NOTE: All of the definitions and most of the examples below are appropriated from a National Security Agency (NSA) curriculum used by the National Colloquium for Information System Security Education (NCISSE). The terminology lesson on which this document is based is available, framed within a larger set of resources at “NSA Courseware” or unframed. Although the project design team ended up adopting most of the source original text, it was edited and supplemented to improve UVa-appropriateness. Comments and additions are indicated below in brackets.
Definitions
[These definitions are in logical, not alphabetical, order so that one could read them through and learn about how the pieces of the ITS-RM process fit together. In a subsequent web-enabled version of this documentation, there will be an additional alphabetical glossary containing the same definitions, as well as links to the glossary from pertinent places in the text.]

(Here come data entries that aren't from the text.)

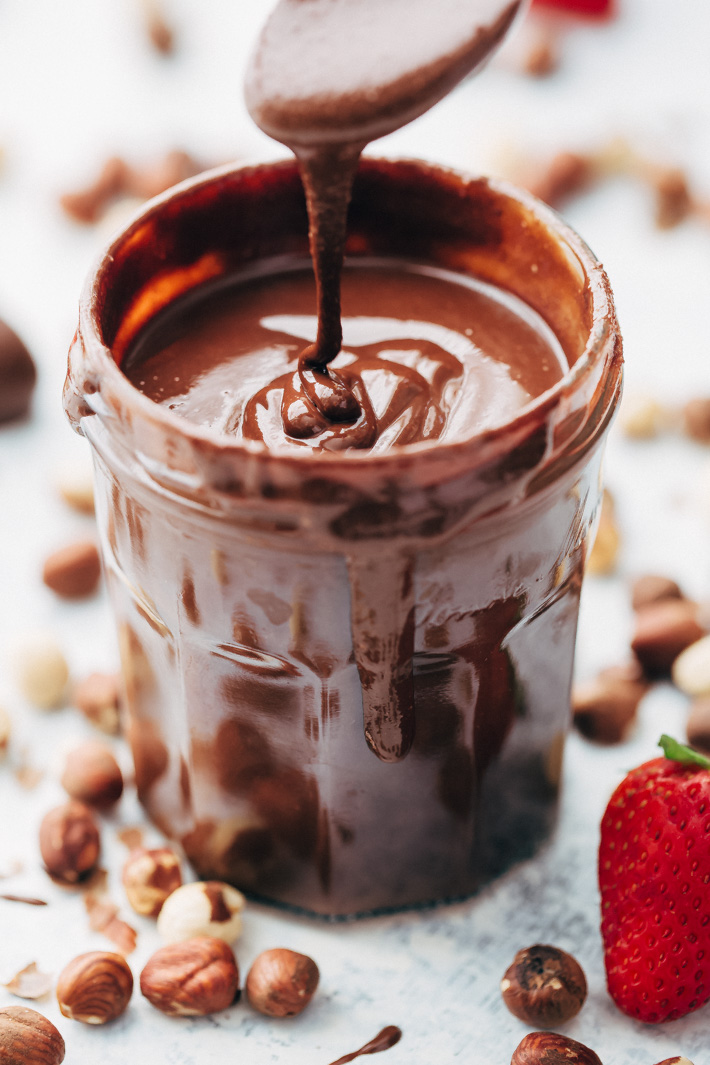 drizzling homemade Nutella from a spoon into glass jar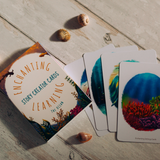 Card deck titled 'Enchanting Story Creator Cards' on a wooden surface with colorful cards featuring nature designs.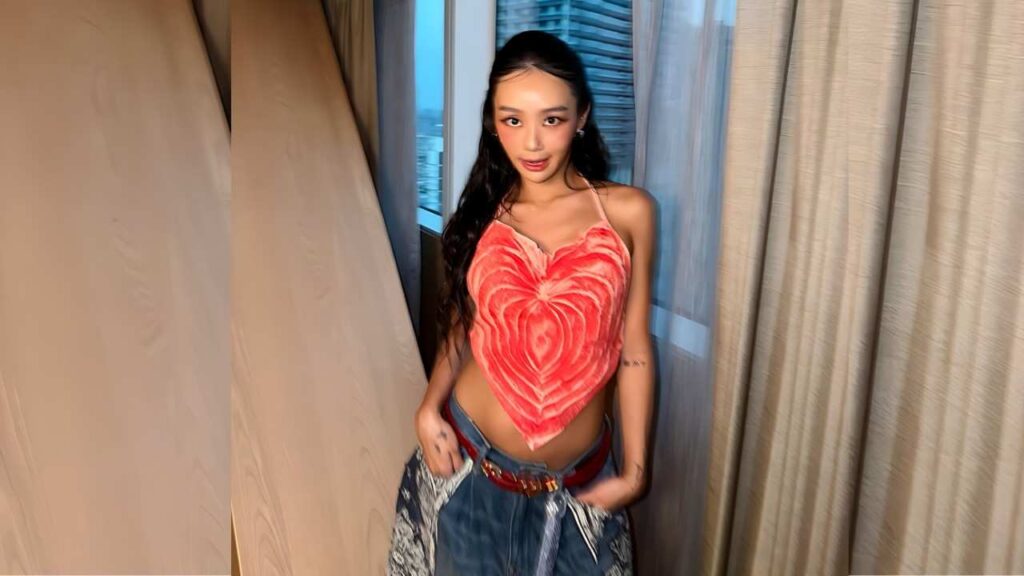 Hyolyn (효린) with long dark hair in a heart-shaped red top and jeans, hands on hips, standing by beige curtains and a window.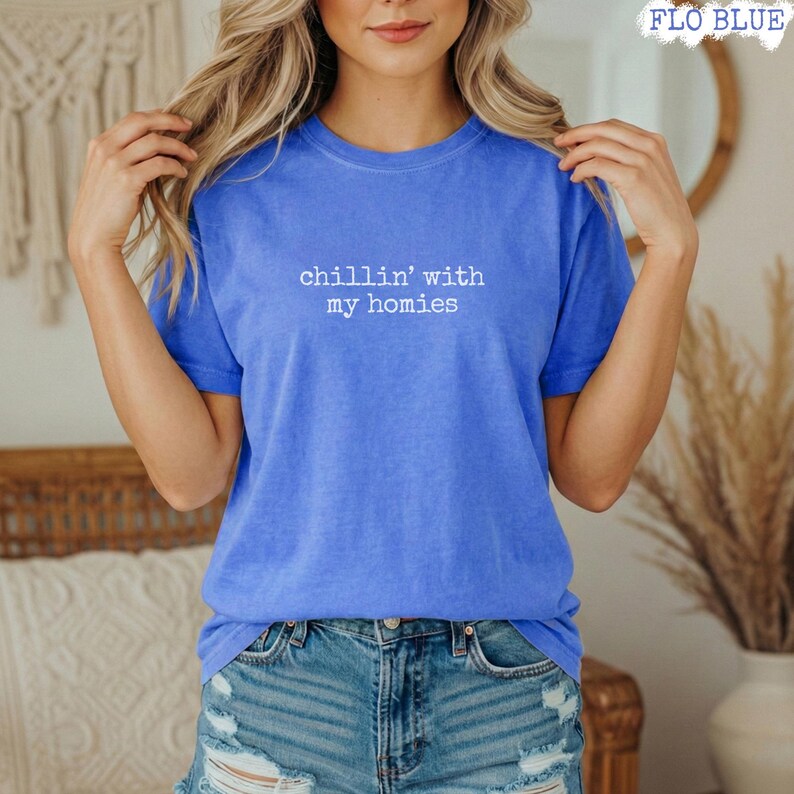 以下が含まれることがあります： 白い文字で「chillin' with my homies」と書かれた青いTシャツ。Tシャツは無地で半袖です。モデルは青いデニムショーツを着用しています。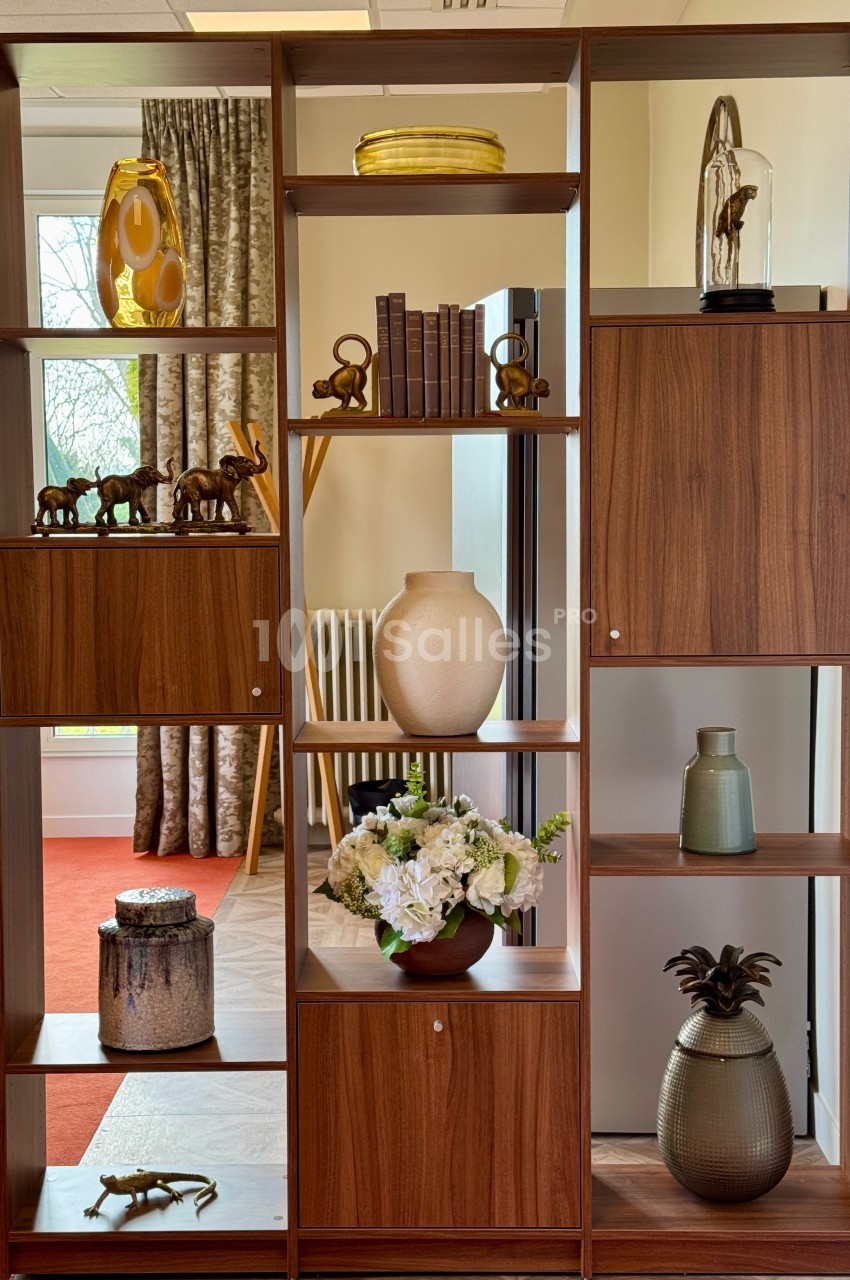 Étagère en bois avec objets décoratifs variés, dont vases, livres, figurines et plantes, dans une pièce lumineuse.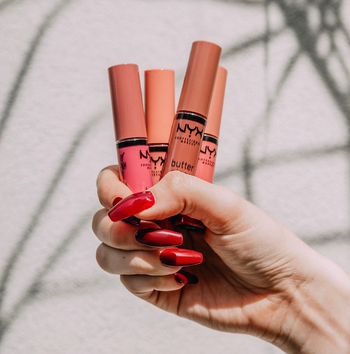 Model holding different shades of Butter Gloss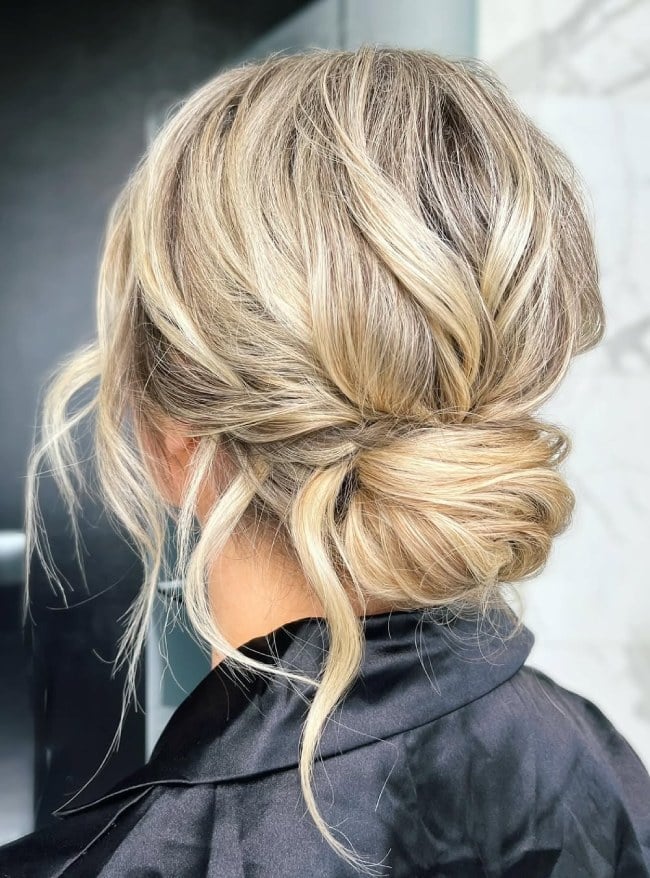 Textured Blonde Low Bun With Soft Tendrils — Low Bun Wedding Hair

Security Management: Managing the risks to a department’s mission
[A focus on departmental mission is vital; departments cannot mitigate every risk, but must prioritize based on the threat to their mission and available resources.]
Risk: “The combination of events harmful to an entity’s desired state of affairs, the chance that the events will take place, and the consequences of their occurrence, as a function of time.” (NSA Corporate Plan for INFOSEC Action, April 1996)
Management: (New World Dictionary of the American Language)
- The art or manner of controlling the movement or behavior of something
- To have charge of; direct; conduct; administer
Risk Management: “The total process to identify, control, and manage the impact of uncertain harmful events, commensurate with the value of the protected assets.” (National Information Systems Security Glossary, NSTISSI No. 4009 and AFR 205-16, AFR 700-10)
Risk Management (Simply Put): Determine what your risks are and then decide on a course of action to deal with those risks.
[More colloquially: “What’s your threshold for pain?” or “Do you want this to show up on the front page of the Daily Progress?”]
Aim of Risk Management: To aid managers to strike an economic balance between the costs associated with the risks and the costs of protective measures to lessen those risks
Critical Asset: Something that when disclosed, modified, destroyed, or misused will cause harmful consequences to the department or its – or the University’s – goals and mission, or will provide an undesired and unintended benefit to someone
Examples: Information, people, software, hardware, facilities, etc.
Risk Assessment: A study of threats and vulnerabilities, the design effectiveness of present security mechanisms, and the potential impact of these factors on a department’s ability to perform its mission
Threat: The capabilities and intentions of adversaries to exploit an information system; or any natural or unintentional event with the potential to cause harm to an information system, resulting in a degradation of a department’s ability to fully perform its mission
Examples: adversarial (terrorists, foreign states, disgruntled employees, criminals, recreational hackers, commercial competitors) and non-adversarial (nature, unintentional human acts)
Attack: A well-defined set of actions by the threat (an active agent) that, if successful, would damage a critical asset – cause an undesirable state of affairs – resulting in harm to a department’s ability to perform its mission
[An attack is an action; a vulnerability is an opportunity.]
Vulnerability: A characteristic of an information system or its components that could be exploited by an adversary, or harmed by a natural act or an act unintentionally caused by human activity
Examples: Inadequate password management, easy access to a facility, weak cryptography, a software flaw, an open port
[Or a facility housing the asset that is subject to fire or flood.]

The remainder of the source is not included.